Aggregating Defendants

56 Pages Posted: 14 Aug 2013 Last revised: 8 Nov 2015

See all articles by Greg Reilly

Greg Reilly

IIT Chicago-Kent College of Law

Date Written: April 26, 2014

Abstract

No procedural topic has garnered more attention in the past fifty years than the class action and aggregation of plaintiffs. Yet, almost nothing has been written about aggregating defendants. This topic is of increasing importance. Recent efforts by patent “trolls” and BitTorrent copyright plaintiffs to aggregate unrelated defendants for similar but independent acts of infringement have provoked strong opposition from defendants, courts, and even Congress. The visceral resistance to defendant aggregation is puzzling. The aggregation of similarly-situated plaintiffs is seen as creating benefits for both plaintiffs and the judicial system. The benefits that justify plaintiff aggregation also seem to exist for defendant aggregation — avoiding duplicative litigation, making feasible negative-value claims/defenses, and allowing the aggregated parties to mimic the non-aggregated party’s inherent ability to spread costs. If so, why is there such resistance to defendant aggregation?

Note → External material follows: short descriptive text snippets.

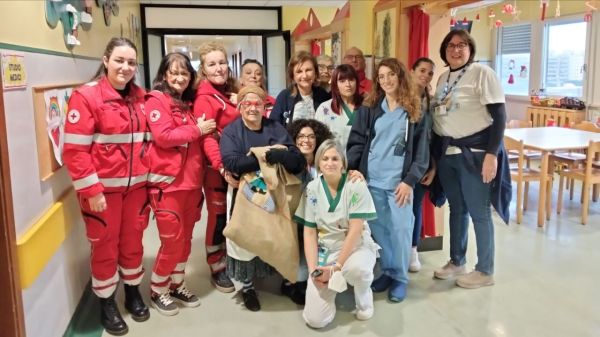 Epifania con tante calze e tanti doni all’ospedale Misericordia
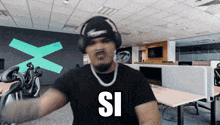 a man wearing headphones and a t-shirt that says si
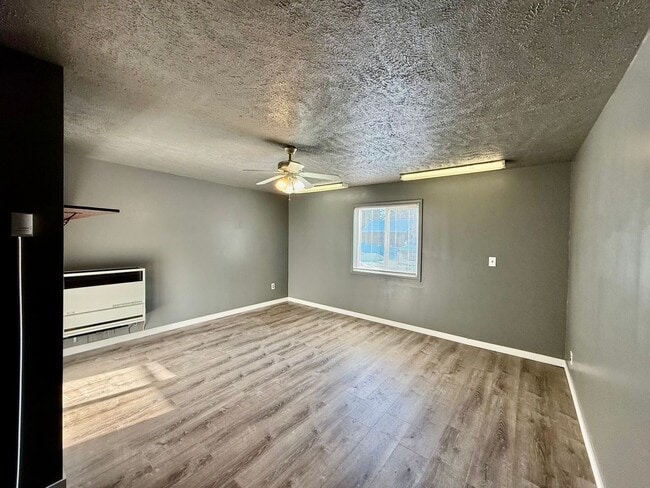 Building Photo - 34420 Thorpe Ct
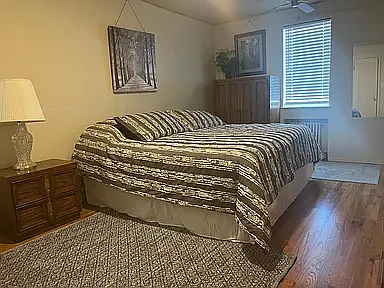 King bed in master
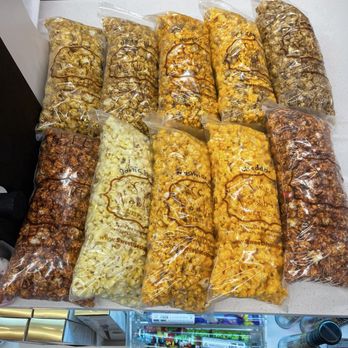 Sweet Noshings - Popcorn - Candy Stores Near Me - Memphis, Tennessee Sweet Noshings - Popcorn - Candy Stores Near Me - Memphis, Tennessee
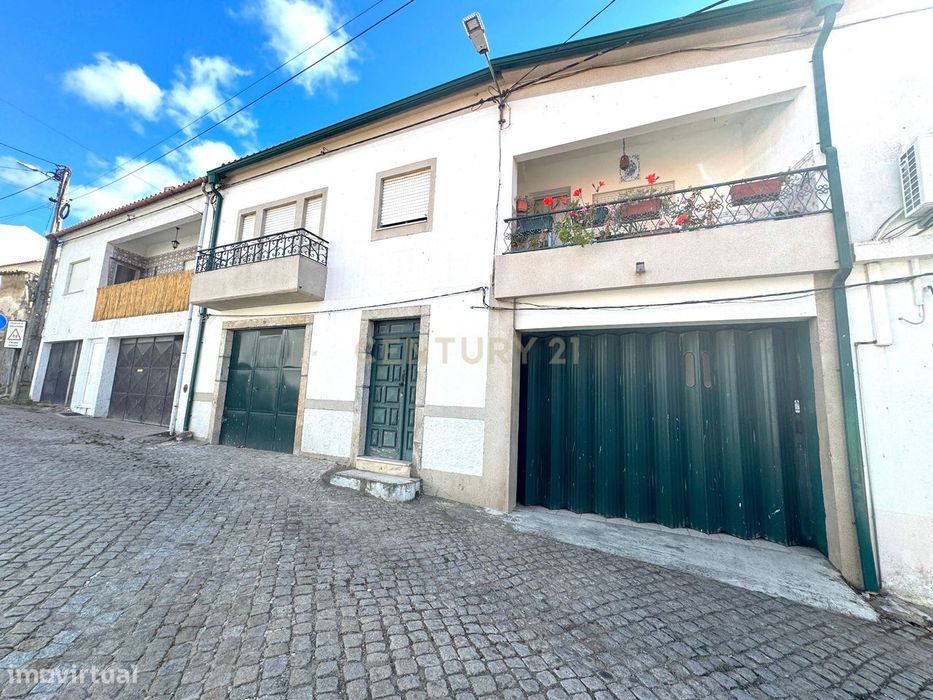 Moradia no Douro com Vinha, Sobreiros, Olivais e Terreno Urbano, Casta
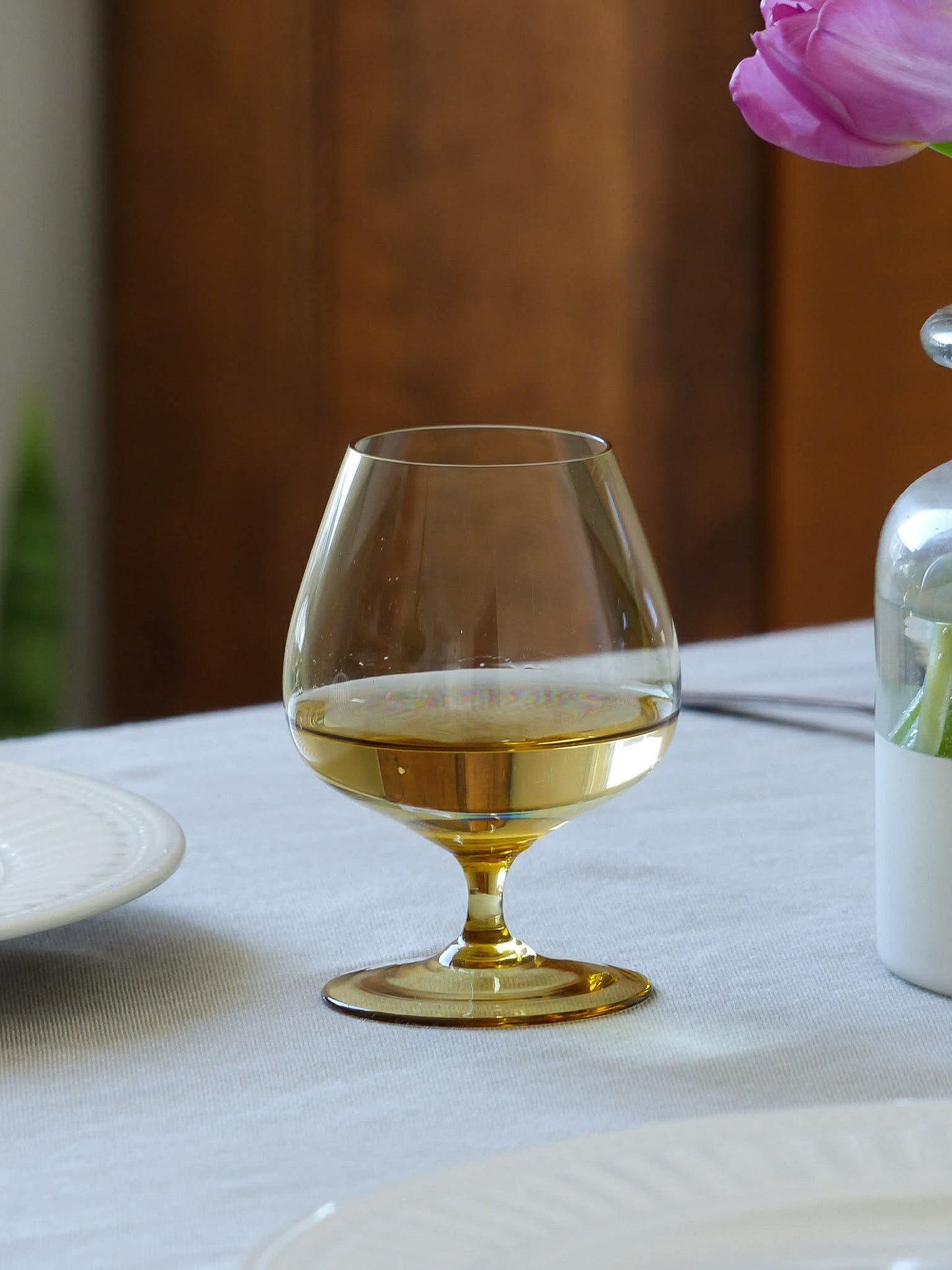 Ensemble (4) de verres à Cognac, ambré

Perhaps, contrary to theoretical predictions, defendant aggregation is against defendants’ self-interest. This may be true in certain types of cases, particularly where the plaintiff’s claims would not be viable individually, but does not apply to other types of cases, particularly where the defendants’ defenses would not be viable individually. These latter cases are explained, if at all, based on cognitive limitations. In any event, defendant self-interest does not justify systemic resistance to defendant aggregation. Likewise, systemic resistance is not warranted because of concerns of weak claims or unsympathetic plaintiffs, the self-interest of individual judges handling aggregated cases, or capture by defendant interests. This Article proposes that to obtain the systemic benefits of defendant aggregation and overcome the obstacles created by defendant and judicial self-interest, cognitive limitations, and capture, defendant aggregation procedures should use non-representative actions, provide centralized neutral control over aggregation, and limit aggregation to common issues. This Article concludes with a modified procedure to implement these principles: inter-district related case coordination.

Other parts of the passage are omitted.